In 1918, O'Keeffe was in a state of depression and anxiety about the war and did not paint for three months. While she understood why it was important militarily, she, like many Americans who initially opposed U.S. involvement, found it at odds with humanism and basic Christian beliefs. O'Keeffe's brother, Alexius or Alexis, was stationed in a military camp in Texas before he shipped out for Europe during World War I. She visited him there in the fall of 1917, and was anxious about his fate. He was one of the first soldiers sent to France and did not believe that he would return to the United States alive. In France war had become more dangerous as a result of chemical and technologically advanced weapons. Poisonous gases killed, blinded, and severely injured the troops. High-powered and long-range guns widened the destruction. Submarines planted mines in the seas and airplanes dropped bombs from the sky.

O’Keeffe found herself at odds with people in Canyon about the war and was discouraged by attempts to glorify it. She tried to persuade her male students to continue their education, rather than fight in the war and she also wanted authorities to create a course for young men about the reasons and causes of war before they engaged in battle. She created a stir when she asked a shop owner to remove Christmas cards from his shop that expressed anti-German sentiment. O'Keeffe became quite ill from influenza during the 1918 flu pandemic, which had killed an estimated 20 million people worldwide, and took a leave of absence from her teaching position at the West Texas State Normal College in early 1918 to recuperate at a friend's ranch in San Antonio, where she painted The Flag.

==Overview==
The Flag, both a political statement and a reflection of her fears, is a red streak "bleeding into bruise-colored clouds". In December 1917, she wrote that she felt compelled for the first time to paint from a sense of necessity. Her image for the painting was of a flag floating in the wind, similar to a tremble. Biographer Roxana Robinson states, "O'Keeffe sets a drooping flag against a starless, darkening sky. The flag flutters limply, stripped of its stars and stripes; its only color, and that of the pole, is blood red." Alexis was severely gassed in France and eventually died from the effects.

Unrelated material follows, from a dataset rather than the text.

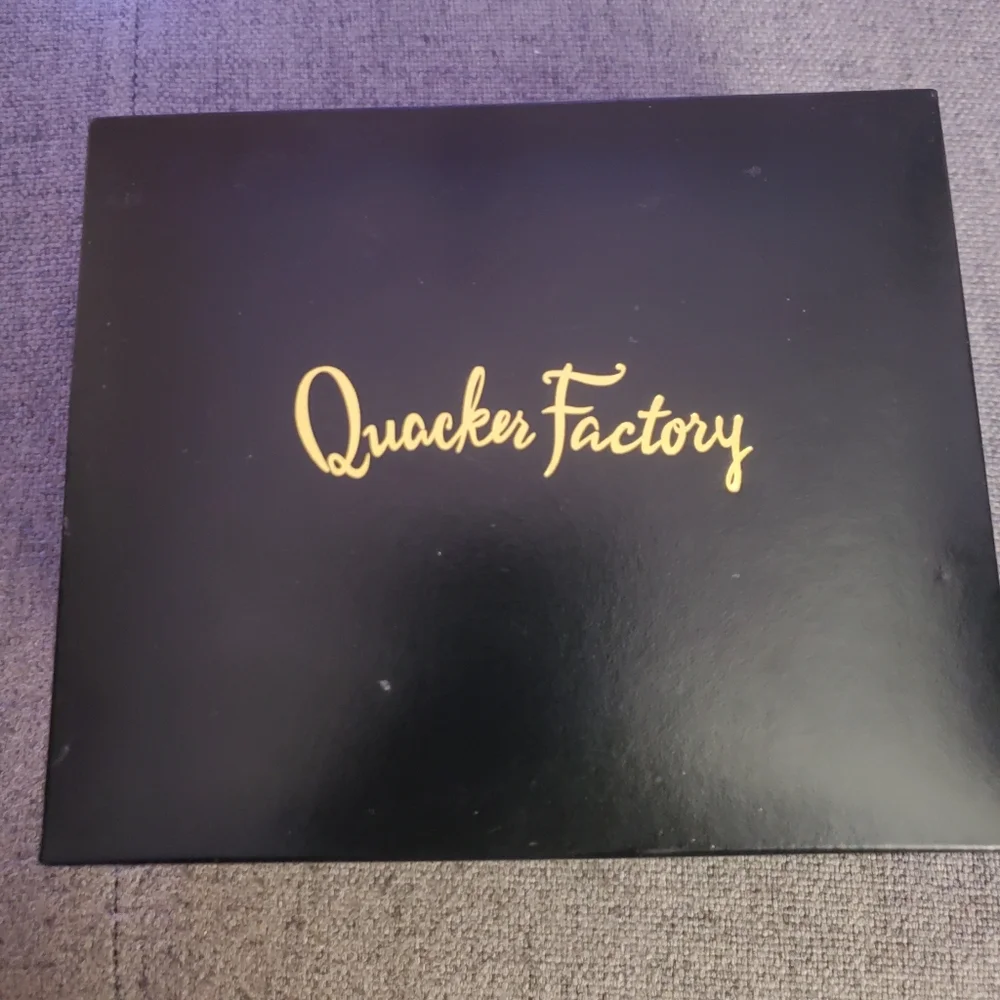 Quaker Factory Quartz Changeable Band Watch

Anti-war sentiment was criminalized with the Espionage Act of 1917, and people living in Canyon were uneasy due to her anti-war position. The Flag was in the private collection of Mrs. Harry Lynde Bradley in October 25, 1968, when it was part of a Milwaukee Art Museum exhibition, and was acquired by the museum in 1977. The painting was included in the "World War I and American Art" exhibition at the Pennsylvania Academy of the Fine Arts in January 2017 and was later displayed at the New-York Historical Society.